___ EXERCISE MATERIAL ___

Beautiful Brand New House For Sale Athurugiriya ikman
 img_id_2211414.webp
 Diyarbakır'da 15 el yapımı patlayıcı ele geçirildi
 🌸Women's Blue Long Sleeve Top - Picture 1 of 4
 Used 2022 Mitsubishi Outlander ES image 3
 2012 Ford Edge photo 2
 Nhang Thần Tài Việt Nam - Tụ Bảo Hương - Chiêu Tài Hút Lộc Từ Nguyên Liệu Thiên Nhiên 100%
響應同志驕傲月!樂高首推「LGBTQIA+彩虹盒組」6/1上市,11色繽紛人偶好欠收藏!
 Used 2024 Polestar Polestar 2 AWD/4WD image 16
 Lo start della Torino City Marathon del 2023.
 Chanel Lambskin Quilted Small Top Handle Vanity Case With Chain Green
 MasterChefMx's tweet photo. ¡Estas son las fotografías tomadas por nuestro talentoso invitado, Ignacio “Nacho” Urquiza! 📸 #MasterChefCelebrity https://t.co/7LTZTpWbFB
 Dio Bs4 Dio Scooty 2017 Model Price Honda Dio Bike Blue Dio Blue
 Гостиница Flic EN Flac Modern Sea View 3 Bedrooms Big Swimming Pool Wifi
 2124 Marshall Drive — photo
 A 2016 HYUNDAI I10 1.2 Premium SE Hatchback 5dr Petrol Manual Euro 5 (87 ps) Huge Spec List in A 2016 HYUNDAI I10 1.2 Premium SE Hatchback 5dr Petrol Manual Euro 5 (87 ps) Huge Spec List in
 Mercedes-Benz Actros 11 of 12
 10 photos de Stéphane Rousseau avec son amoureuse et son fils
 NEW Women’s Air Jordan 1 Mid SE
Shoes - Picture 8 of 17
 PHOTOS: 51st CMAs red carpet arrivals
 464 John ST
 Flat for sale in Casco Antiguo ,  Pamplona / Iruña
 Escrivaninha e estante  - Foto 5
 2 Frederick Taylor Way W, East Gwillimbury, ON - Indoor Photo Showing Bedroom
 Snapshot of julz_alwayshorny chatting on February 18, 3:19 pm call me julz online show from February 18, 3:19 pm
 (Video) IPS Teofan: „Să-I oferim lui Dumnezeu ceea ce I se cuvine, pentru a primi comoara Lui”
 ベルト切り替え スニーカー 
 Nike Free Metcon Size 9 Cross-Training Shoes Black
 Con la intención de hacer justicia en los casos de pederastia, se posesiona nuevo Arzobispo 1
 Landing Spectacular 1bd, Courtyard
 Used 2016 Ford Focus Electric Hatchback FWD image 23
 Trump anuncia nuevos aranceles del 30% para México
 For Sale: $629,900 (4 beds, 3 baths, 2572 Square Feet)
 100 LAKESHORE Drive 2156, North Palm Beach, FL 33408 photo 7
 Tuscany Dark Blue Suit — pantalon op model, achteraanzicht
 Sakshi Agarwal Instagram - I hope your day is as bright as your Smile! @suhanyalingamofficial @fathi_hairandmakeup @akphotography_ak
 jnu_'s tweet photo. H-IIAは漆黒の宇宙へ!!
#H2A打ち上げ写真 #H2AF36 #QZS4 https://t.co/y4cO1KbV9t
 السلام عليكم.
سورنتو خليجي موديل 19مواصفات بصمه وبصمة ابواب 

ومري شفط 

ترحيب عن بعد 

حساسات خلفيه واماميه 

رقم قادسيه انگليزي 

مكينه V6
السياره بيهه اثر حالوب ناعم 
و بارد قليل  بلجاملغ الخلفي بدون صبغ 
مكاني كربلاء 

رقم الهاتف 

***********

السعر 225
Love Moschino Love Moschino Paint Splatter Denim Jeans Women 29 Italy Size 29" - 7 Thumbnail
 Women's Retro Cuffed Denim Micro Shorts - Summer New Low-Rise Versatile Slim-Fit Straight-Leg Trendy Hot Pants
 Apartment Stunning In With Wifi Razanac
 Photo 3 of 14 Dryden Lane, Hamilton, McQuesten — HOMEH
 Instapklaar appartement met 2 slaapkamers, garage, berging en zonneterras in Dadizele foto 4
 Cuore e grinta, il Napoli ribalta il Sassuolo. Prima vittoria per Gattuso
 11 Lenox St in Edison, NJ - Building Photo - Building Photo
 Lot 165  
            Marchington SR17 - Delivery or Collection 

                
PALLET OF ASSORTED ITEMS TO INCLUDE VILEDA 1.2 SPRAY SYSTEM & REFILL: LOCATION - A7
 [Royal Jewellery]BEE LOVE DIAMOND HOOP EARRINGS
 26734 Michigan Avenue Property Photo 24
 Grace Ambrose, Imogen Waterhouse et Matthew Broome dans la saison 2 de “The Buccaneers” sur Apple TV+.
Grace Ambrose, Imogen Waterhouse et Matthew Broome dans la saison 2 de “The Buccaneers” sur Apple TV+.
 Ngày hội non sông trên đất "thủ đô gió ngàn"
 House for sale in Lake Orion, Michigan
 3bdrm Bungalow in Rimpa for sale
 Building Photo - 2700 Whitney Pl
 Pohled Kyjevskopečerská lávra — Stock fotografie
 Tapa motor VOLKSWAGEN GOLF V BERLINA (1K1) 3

___

> _YOUR ASSIGNMENT_
Check each line of the data above for the word "Building" and copy the ones where it is found.

> _RESPONSE AREA_
 11 Lenox St in Edison, NJ - Building Photo - Building Photo
 Building Photo - 2700 Whitney Pl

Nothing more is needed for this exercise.